Caption-style text data →
──────────────────────────────
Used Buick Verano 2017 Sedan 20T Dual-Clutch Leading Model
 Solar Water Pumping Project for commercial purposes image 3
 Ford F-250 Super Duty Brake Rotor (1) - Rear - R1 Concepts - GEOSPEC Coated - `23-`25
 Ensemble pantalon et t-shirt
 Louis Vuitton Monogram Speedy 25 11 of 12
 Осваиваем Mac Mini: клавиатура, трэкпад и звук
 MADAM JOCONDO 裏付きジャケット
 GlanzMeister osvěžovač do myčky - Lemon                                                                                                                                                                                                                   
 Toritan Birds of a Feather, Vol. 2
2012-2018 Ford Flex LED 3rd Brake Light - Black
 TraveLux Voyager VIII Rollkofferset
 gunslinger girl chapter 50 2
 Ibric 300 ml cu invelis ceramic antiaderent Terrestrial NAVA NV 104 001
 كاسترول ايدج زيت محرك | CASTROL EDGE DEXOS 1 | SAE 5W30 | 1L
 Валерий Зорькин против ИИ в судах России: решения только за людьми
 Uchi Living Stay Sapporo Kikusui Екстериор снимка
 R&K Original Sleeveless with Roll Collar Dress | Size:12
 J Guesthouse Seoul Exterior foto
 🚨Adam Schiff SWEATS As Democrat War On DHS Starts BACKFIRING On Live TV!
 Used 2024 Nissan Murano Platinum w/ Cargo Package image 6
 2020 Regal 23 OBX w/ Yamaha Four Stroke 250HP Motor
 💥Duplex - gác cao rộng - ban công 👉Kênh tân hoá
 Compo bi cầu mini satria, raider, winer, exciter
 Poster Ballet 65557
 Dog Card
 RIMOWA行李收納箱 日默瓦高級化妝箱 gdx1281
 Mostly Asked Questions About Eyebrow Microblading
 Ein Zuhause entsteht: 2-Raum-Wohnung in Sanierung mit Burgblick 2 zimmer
──────────────────────────────
Aim of the task →
Copy exactly the line that contains "J Guesthouse Seoul Exterior foto" and every line after it, up to and including the last line of the records.

Answer area →
 J Guesthouse Seoul Exterior foto
 🚨Adam Schiff SWEATS As Democrat War On DHS Starts BACKFIRING On Live TV!
 Used 2024 Nissan Murano Platinum w/ Cargo Package image 6
 2020 Regal 23 OBX w/ Yamaha Four Stroke 250HP Motor
 💥Duplex - gác cao rộng - ban công 👉Kênh tân hoá
 Compo bi cầu mini satria, raider, winer, exciter
 Poster Ballet 65557
 Dog Card
 RIMOWA行李收納箱 日默瓦高級化妝箱 gdx1281
 Mostly Asked Questions About Eyebrow Microblading
 Ein Zuhause entsteht: 2-Raum-Wohnung in Sanierung mit Burgblick 2 zimmer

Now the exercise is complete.